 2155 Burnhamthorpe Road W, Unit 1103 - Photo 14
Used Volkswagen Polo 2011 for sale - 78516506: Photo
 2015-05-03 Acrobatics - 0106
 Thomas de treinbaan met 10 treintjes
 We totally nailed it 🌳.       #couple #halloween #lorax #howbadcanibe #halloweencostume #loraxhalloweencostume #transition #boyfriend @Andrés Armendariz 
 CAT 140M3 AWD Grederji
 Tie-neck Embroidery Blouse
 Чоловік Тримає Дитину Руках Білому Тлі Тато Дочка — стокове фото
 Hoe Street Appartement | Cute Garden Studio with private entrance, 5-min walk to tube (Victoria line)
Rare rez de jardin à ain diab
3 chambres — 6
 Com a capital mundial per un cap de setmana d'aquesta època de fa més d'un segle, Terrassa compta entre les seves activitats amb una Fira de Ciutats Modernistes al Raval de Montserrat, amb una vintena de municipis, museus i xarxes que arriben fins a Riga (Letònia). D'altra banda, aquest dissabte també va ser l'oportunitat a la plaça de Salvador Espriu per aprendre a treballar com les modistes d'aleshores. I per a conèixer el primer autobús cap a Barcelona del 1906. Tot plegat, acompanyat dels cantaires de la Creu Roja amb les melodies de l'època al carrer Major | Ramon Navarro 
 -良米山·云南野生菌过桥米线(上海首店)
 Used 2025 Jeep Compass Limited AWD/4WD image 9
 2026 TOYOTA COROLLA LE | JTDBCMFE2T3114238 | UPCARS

****************

_WORK TO BE COMPLETED_
Counting only lines with the word "Photo" in them, say how many there are in the entries above, with no other words.

_RESULT OF THIS TASK_
2